Soccer stadium in New South Wales, Australia

Lambert Park is a purpose-built soccer stadium in Leichhardt, New South Wales, Australia. It is the home ground of APIA Leichhardt, and has been since the clubs inception.

The stadium is peculiar in that it runs east to west, rather than north to south. The stadium has a nominal capacity of 7000, with 2000 seated in two main stands on either side of the playing field. In the southern of these stands there are dressing room facilities, a social club with views of the game, press facilities and media facilities. The northern stand runs the full length of the playing field, seating around 1200 spectators in 8 rows. This stand is regularly full for New South Wales Premier League encounters, with attendances at the ground in the last few seasons ranging from 800 to 3000 spectators. The western and eastern ends behind the goals are hilled, bringing the ground capacity to around 6000 spectators.

In March, 2011 as part of the campaign from the NSW Liberal Party ahead of the 2011 New South Wales state election leader Barry O'Farrell promised $2.2 million would be spent upgrading Lambert Park.
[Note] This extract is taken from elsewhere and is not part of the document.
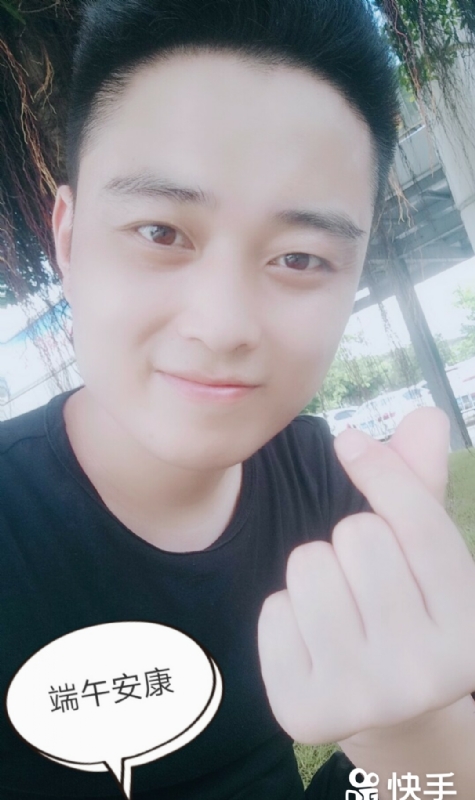 温暖的陈公子的第一张照片--丽水相亲服务中心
This would include a new Synthetic playing field, installation of a new perimeter fence, a new club house including bigger dressing rooms for players and officials.

On 22 March 2014, the promised upgrades were completed and unveiled at a derby match between APIA Leichhardt and Marconi Stallions. The total spend was more than $3.5 million, with almost $1.4 million of private investment boosting the $2.2 million of government funding.